### Records
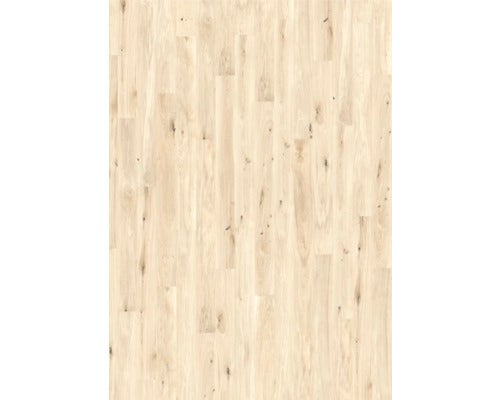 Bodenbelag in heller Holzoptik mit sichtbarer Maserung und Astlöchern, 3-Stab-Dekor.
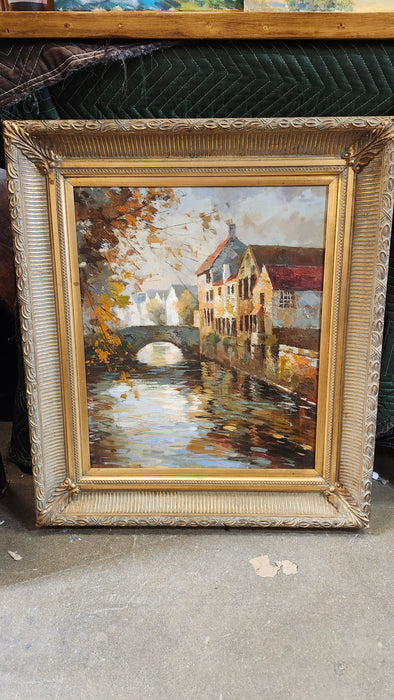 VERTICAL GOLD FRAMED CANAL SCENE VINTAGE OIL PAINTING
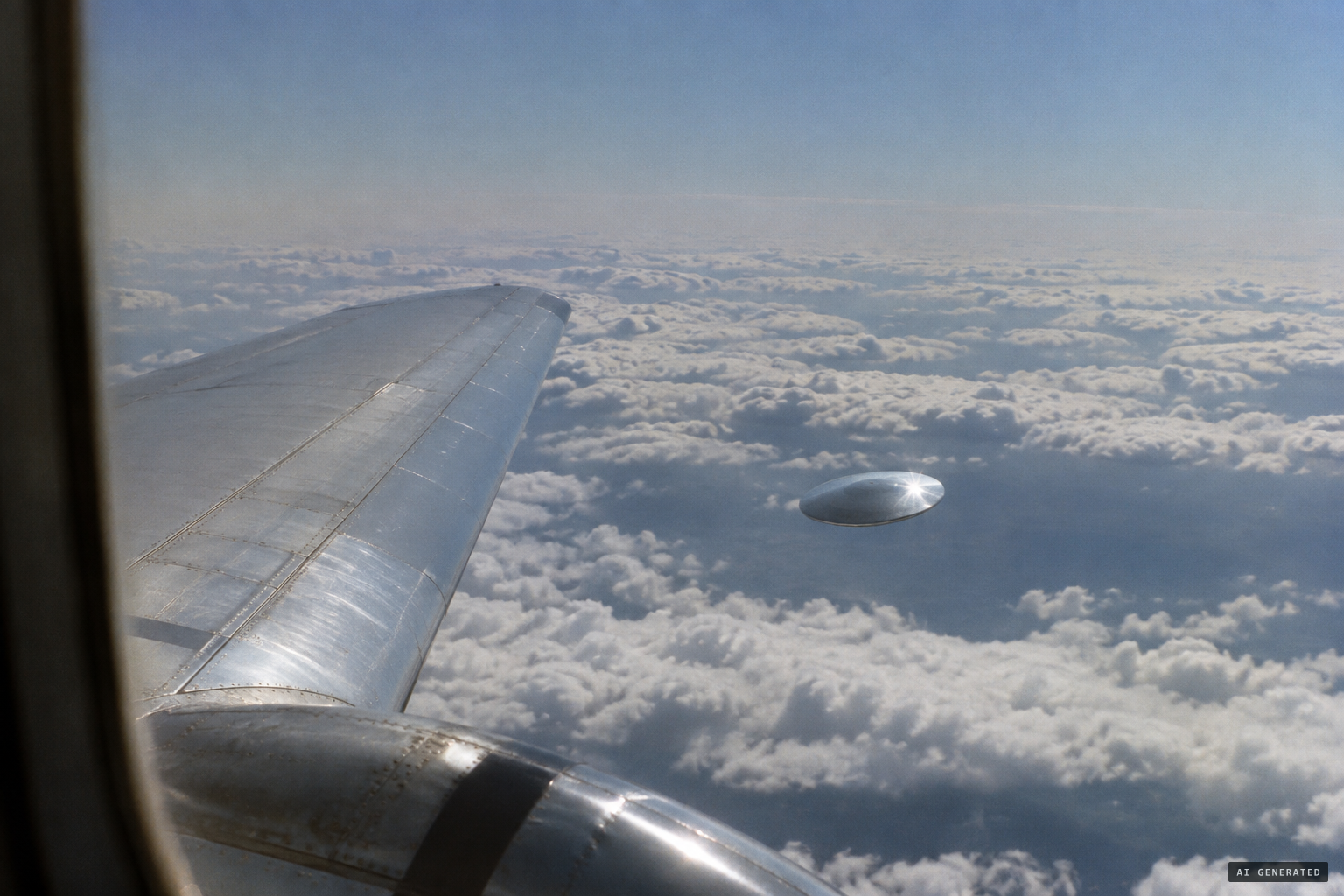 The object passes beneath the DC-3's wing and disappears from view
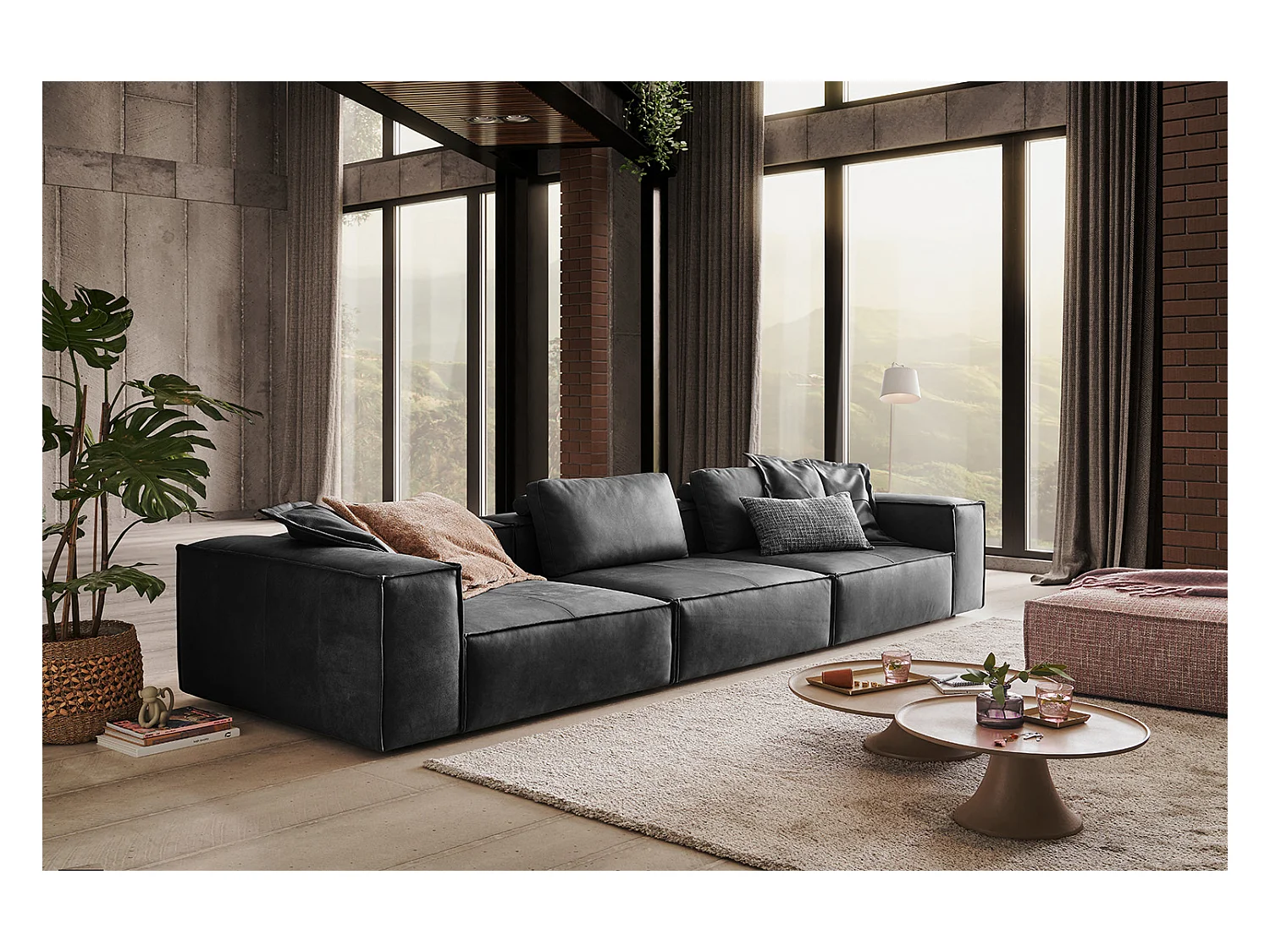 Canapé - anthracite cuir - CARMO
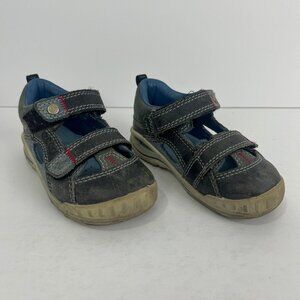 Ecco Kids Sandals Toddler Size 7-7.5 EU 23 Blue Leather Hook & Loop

### What to work on
From the first line to the last, return the records exactly and leave the pictures behind.

### Result below
 Bodenbelag in heller Holzoptik mit sichtbarer Maserung und Astlöchern, 3-Stab-Dekor.
 VERTICAL GOLD FRAMED CANAL SCENE VINTAGE OIL PAINTING
 The object passes beneath the DC-3's wing and disappears from view
 Canapé - anthracite cuir - CARMO
 Ecco Kids Sandals Toddler Size 7-7.5 EU 23 Blue Leather Hook & Loop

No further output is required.